Le HCR demande aux États de permettre aux réfugiés et aux migrants du Venezuela d'accéder à la sécurité, alors que les conditions sécuritaires et la situation humanitaire s'aggravent dans leur pays.
21 Mai 2019
Une famille indigène Warao originaire du Venezuela à son arrivée à Boa Vista, au Brésil.

José et Yurmi se sont empressés de prendre leur bébé âgé de sept mois, de rassembler des vêtements et de parcourir les quelques kilomètres qui séparent le Venezuela de la Colombie. José, qui est médecin volontaire dans les communautés locales à proximité de la ville vénézuélienne de Barquisimeto, venait d'apprendre qu’il était menacé de mort.


« La personne qui devait être payée pour me tuer était l'un de mes plus proches patients. Il a dit qu'il aurait accepté les 790 dollars américains offerts pour me tuer s'il ne m'était pas si reconnaissant d’avoir soigné ses proches », explique José. « Cela représente  beaucoup d'argent. N'importe qui aurait accepté cette offre. »

En quête de sécurité, José et Yurmi sont arrivés dans un centre d'hébergement aidé par le HCR, l'Agence des Nations Unies pour les réfugiés, à Bogota, en Colombie, où ils passeront quelques jours avant de pouvoir régulariser leur situation, payer un loyer et s'installer en toute sécurité.

À ce jour, on dénombre environ 3,7 millions de réfugiés et de migrants en provenance du Venezuela à travers le monde, dont la plupart vivent en Amérique latine ou dans les Caraïbes. Compte tenu de la détérioration de la situation politique, économique, humanitaire et des droits de l'homme au Venezuela, le HCR, l'Agence des Nations Unies pour les réfugiés, considère désormais que la majorité de ces personnes ayant fui le pays ont besoin de la protection internationale assurée aux réfugiés.

« La personne payée pour me tuer était l'un de mes plus proches patients. »

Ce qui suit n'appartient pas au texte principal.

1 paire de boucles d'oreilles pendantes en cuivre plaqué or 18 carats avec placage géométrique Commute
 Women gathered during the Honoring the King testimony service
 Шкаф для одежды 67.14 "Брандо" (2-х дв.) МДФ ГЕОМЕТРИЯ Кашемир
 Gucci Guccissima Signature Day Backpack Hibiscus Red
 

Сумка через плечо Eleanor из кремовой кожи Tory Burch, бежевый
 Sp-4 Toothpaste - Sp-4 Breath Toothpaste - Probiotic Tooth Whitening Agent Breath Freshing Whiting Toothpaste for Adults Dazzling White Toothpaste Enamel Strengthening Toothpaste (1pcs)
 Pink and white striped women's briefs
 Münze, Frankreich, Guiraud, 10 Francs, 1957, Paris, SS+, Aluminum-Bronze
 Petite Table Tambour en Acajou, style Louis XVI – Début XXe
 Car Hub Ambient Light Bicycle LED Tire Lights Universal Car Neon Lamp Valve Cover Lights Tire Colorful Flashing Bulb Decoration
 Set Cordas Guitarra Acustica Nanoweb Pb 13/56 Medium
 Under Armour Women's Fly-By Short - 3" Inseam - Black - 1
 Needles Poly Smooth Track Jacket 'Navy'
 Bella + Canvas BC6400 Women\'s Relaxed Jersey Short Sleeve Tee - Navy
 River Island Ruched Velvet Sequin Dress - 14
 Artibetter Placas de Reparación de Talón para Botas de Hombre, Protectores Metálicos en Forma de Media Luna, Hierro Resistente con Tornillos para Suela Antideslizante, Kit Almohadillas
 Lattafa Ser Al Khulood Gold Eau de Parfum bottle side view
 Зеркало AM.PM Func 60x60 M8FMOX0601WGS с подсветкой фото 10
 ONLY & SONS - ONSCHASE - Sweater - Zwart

Vu l’aggravation de la situation, le HCR a publié aujourd’hui une note d’orientation actualisée, dans laquelle il demande aux États de permettre aux Vénézuéliens d’accéder à leur territoire et souligne l’absolue nécessité de garantir l’accès aux procédures d’asile pour les personnes contraintes de fuir pour sauver leur vie. La note demande également aux États de veiller à ce que les Vénézuéliens ne soient ni expulsés, ni renvoyés de force au Venezuela, car leur vie risque d’être mise en danger.

La note d’orientation inclut notamment des recommandations sur la manière de traiter des cas tels que celui de Juan Carlos, un Vénézuélien âgé de 28 ans, qui travaillait depuis trois ans pour le service de communication d’une entreprise publique au Venezuela. Il n’aurait jamais imaginé qu’une entrevue donnée à la presse locale, révélant des irrégularités au sein du bureau pour lequel il travaillait, pourrait l’exposer à un grave danger.

Lorsque l'interview a été publiée, il a subi de l’intimidation au travail. « J'ai été humilié », se souvient-il. « Ils m'ont traité comme si je ne valais rien et ils ont menacé de me tuer pour finalement me forcer à démissionner.  »

Sous la pression, Juan Carlos a quitté son travail, mais le harcèlement et les menaces de mort n'ont pas cessé. Une nuit, alors qu’il rentrait chez lui, il a été arrêté par un groupe d'individus armés qui l'ont attaqué et torturé.

« Le lendemain, en état de choc, j'ai porté plainte. Ils ne m'ont jamais donné une copie (de ma déclaration) », explique Juan Carlos. « Je n'étais plus moi-même. Je pleurais toute la journée, j'avais peur, quel que soit l’endroit. »

Mais la situation a empiré lorsqu'il a voulu obtenir son acte de naissance car il a découvert qu'il n’était plus inscrit dans les registres de l’état-civil. « Il n'y avait plus aucune trace de mon existence. Ni copie, ni original du document. »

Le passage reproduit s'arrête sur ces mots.